The automotive industry has experienced periods of conflict, especially when trying to integrate modern technology into older components. Case in point, in the early to mid-1990's many automotive manufacturers began to switch from mechanically controlled systems to those fully controlled by computers and electronics. An example of this was when older vacuum-powered EGR systems were slowly adapted until they eventually became fully computer controlled. This created a hybrid type of design for the EGR system, and parts were created to expedite this conversion. One of these parts is known as the EVP shut off solenoid, or EGR valve position solenoid, and was used on cars, trucks, and SUVs sold in the United States from 1991 till the early 2000's.

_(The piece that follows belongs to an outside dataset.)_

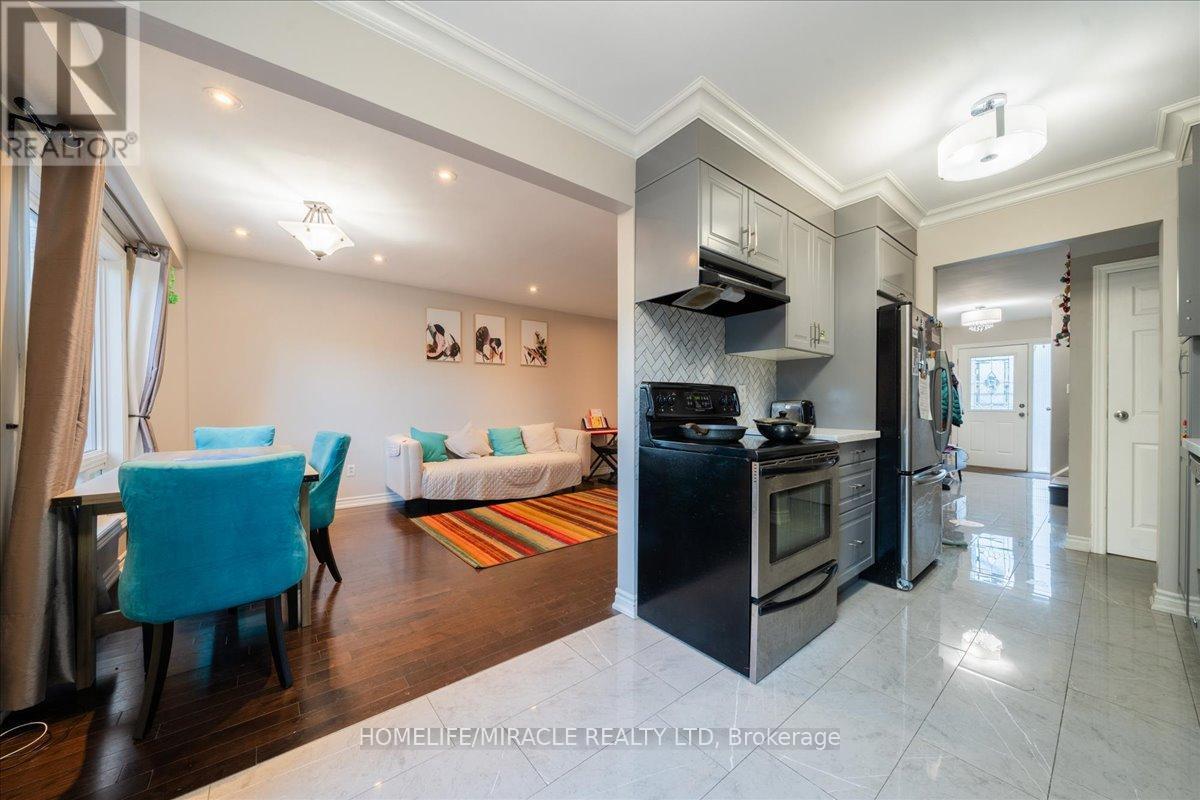 613 Galloway Crescent, Mississauga, ON - Indoor Photo Showing Kitchen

Introduced in 1966 as an attempt to reduce vehicle emissions, the EGR system is designed to redistribute exhaust gases containing unburned fuel (or vehicle emissions) back into the intake manifold where it is burned during the combustion process. By allowing unburnt fuel molecules a second opportunity to burn, vehicle emissions coming out of the exhaust system are reduced and fuel economy is typically improved.
The first EGR systems used a vacuum controlled system. Today's modern cars, trucks, and SUVs all use computer controlled EGR valves that contain multiple sensors and controls that frequently monitor the position and operation of the EGR system for optimal performance. In between these two developments, different components were designed to accomplish the same task of measuring and monitoring the operation of the EGR system. In this second-generation system, the EVP shut off solenoid, or EGR valve position solenoid, is connected to the EGR valve by way of a vacuum line and is typically attached separately from the EGR valve. By contrast, today's more modern EVP position sensors are installed on top of the EGR valve and are connected to an electrical harness that monitors and controls its operation.
The job of the EVP shut off solenoid is to control the flow of the EGR valve. Data is monitored by a sensor built into the EVP shut off solenoid which is relayed to the vehicle’s engine control module (ECM) and assisted by a vacuum hose attached to a vacuum pump. If the shut off solenoid becomes dirty (commonly due to excess carbon buildup from unburnt fuel in the exhaust system), the sensor can fail or become stuck. If this occurs, it can lead to increased vehicle emissions introduced into the combustion chamber, which eventually creates a rich air-to-fuel ratio.
When fuel is unable to burn efficiently, excess fuel exits from the vehicle's exhaust, which will typically cause the vehicle to fail emissions inspections and can cause damage to the engine and other mechanical components under the hood.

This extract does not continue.